You've obviously skimmed too fast. The article states facts proving that highly skilled and talented engineers are currently being replaced by foreign workers on H-1B visas. You should go back and read the article, this time without "skimming". These "so-so" programmers as you call them are those engineers who have passed the age of 40. They are being replaced with "so-so" warm bodies from India, Pakistan, China, and a host of other countries. Companies such as Lucent, Nortel, Sun, and many others are laying off American workers to make room for foreign workers who will work long hours for less...
I'm closer to 60 than 40, and still get paid good money, mostly for my programming skills and hard work. Of course, that means I've been continually retraining myself for nearly three decades now.
Perhaps if I get caught up in this trend someday myself, I will think differently, but for now, I have trouble getting to bent out of shape over it. However I suspect that if I did get such a layoff, I'd be too busy searching out the next job to loose sleep over the motivations of the layoff.
There are still one heck of a lot of people, of all stripes, programming. And it's ok by me if companies understand that they aren't there to keep people employed - they're there to make a profit.
And when I am hiring, the more competition for my openings the better.
The point about reeducation is right on the money. At my age it would be pointless to learn Java, Perl, Python, CGI, Javascript or other 'hot' web stuff because there are lots of kids who already know it and managers flatly do not want to hire an older person. And taking classes, no matter what the computer schools say, is pointless. Hiring managers want experience so in practice it is incredibly difficult if not impossible to switch from the ghetto of legacy maintenance to more modern skills.
The net effect is millions of US software engineers will be replaced with Chinese, Indian, and Pakistani "engineers". Many of them filling 'sensitive' positions. Gee, what a good idea that is. You ever wonder how "espionage" REALLY happens? It's when you let those into this country who have motives other than the best interest of the United States, give them a security clearance, and then put them into a "high-tech" position. Even those positions which aren't deemed "sensitive" allow those individuals to pick up our latest technology in ALL facets of our "high-tech" world, be it telecommunications, imaging, or signal processing.

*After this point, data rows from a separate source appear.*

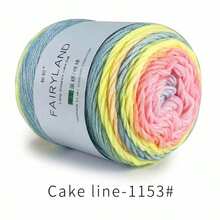 1pc Soft, Skin-Friendly Colorful Yarn, Suitable For DIY Knitting And Crocheting Sweaters, Scarves, 3.53 Oz/Pc, Autumn/Winter Season - multicolor - View 19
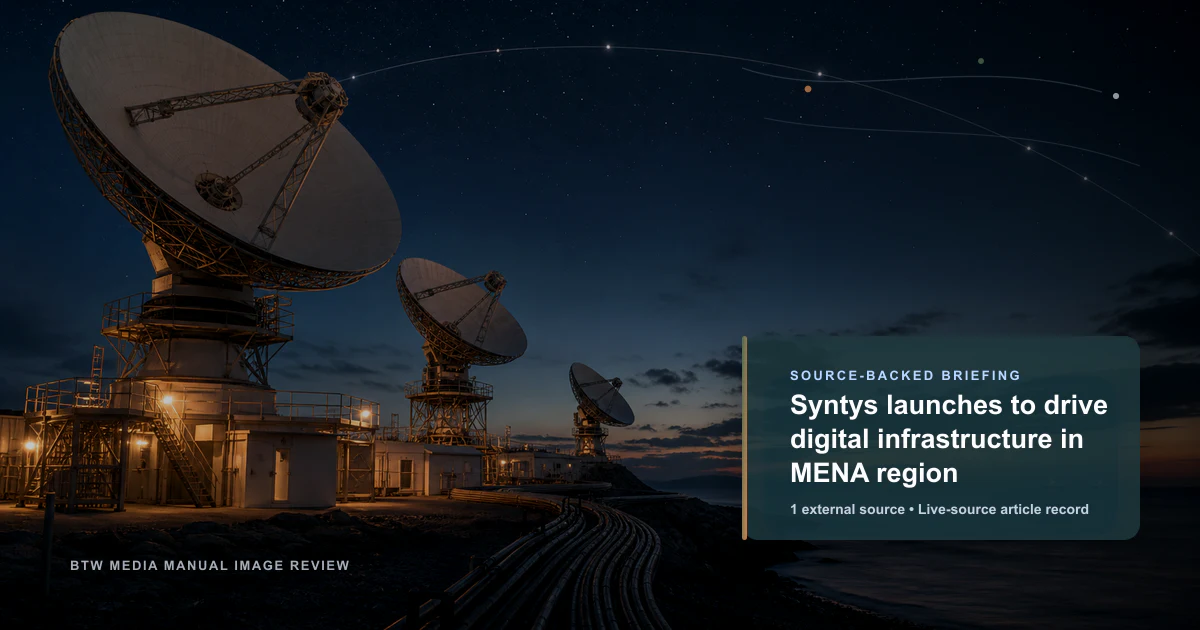 Syntys stimule l'infrastructure numérique dans la région MENA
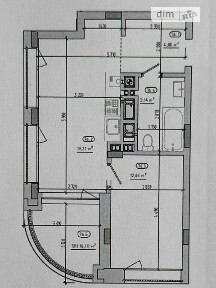 Продаж 1к квартири 43.71 кв. м на вул. Величковського 7Б • ID 35049303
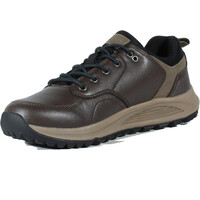Hi Tec zapatilla trekking hombre TEBES MARRON vista trasera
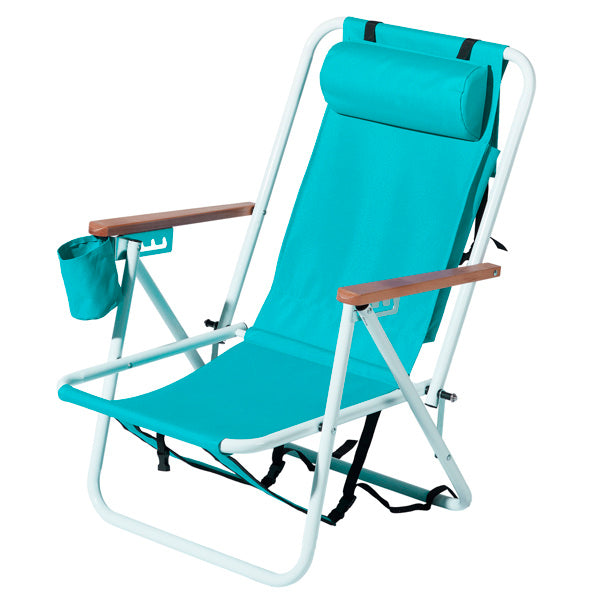 2pcs 23X21.7X31.5in Mint Green Beach Chair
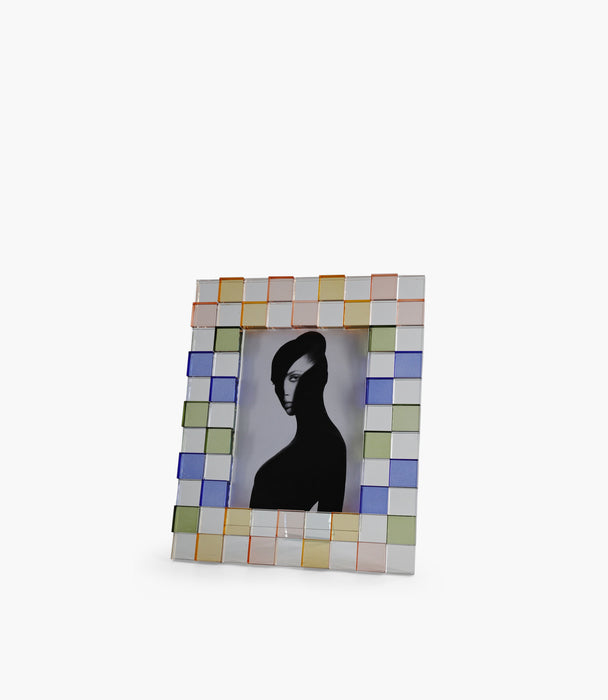 Mosaic Photo Frame Multicolor 13x18cm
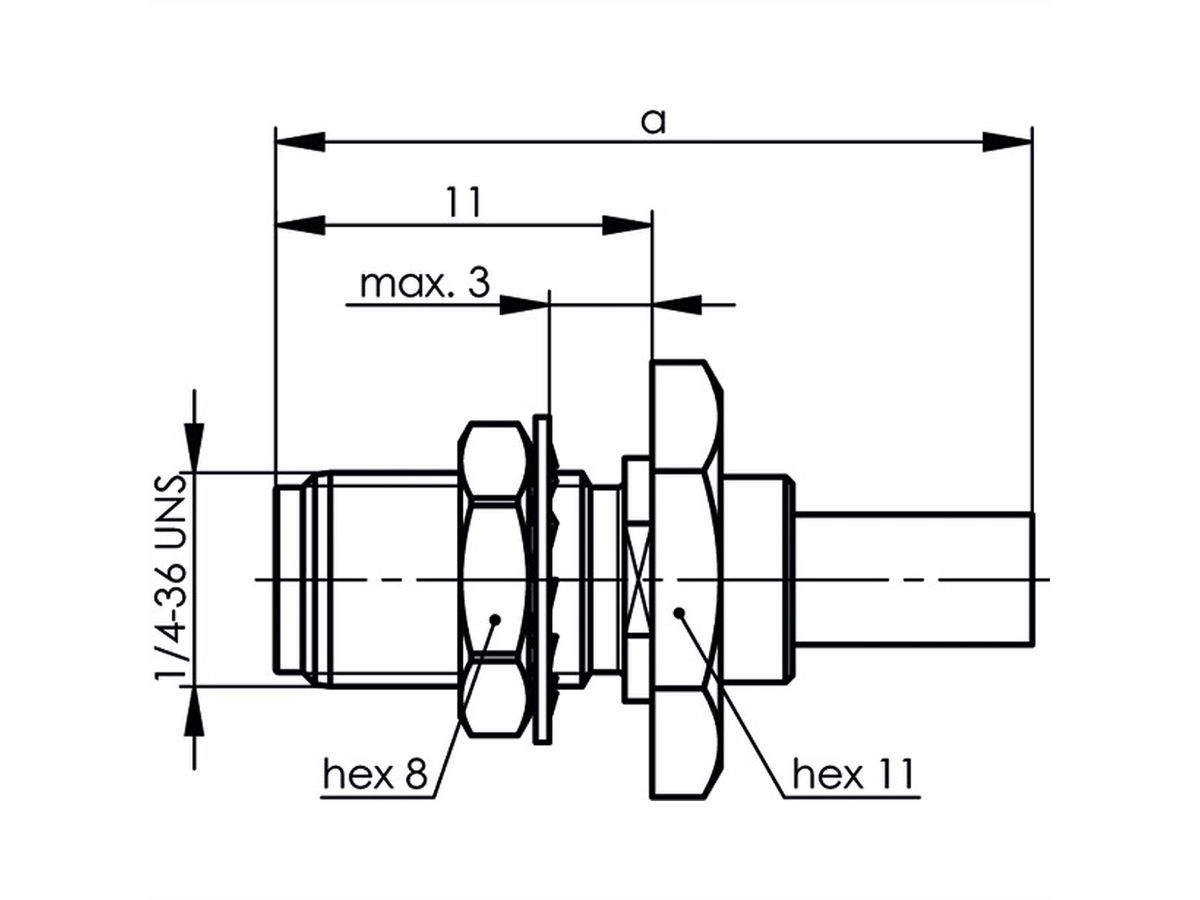 TELEGÄRTNER Prise de câble SMA pour RG-316/U plaquée or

That is not even to mention that those US engineers who are unemployed are currently not spending what they used to spend, so the entire US economy goes into a downward spiral.
Slave labor is always cheap. Then again, you get what you pay for...
And before you know it, the ONLY people who will be able to develop software are FOREIGN NATIONALS.
Those skills aren't too hot right now. .NET is the big thing going on now.
On topic: Hopefully companies will realize over time that their "cheap" foreign programmers cost them more money doing re-work than they save on hourly wage.
As communication is essential to creating applications that meet the needs and desires of clients, H1-Bs and foreign outsourced IT fail to live up to expectations.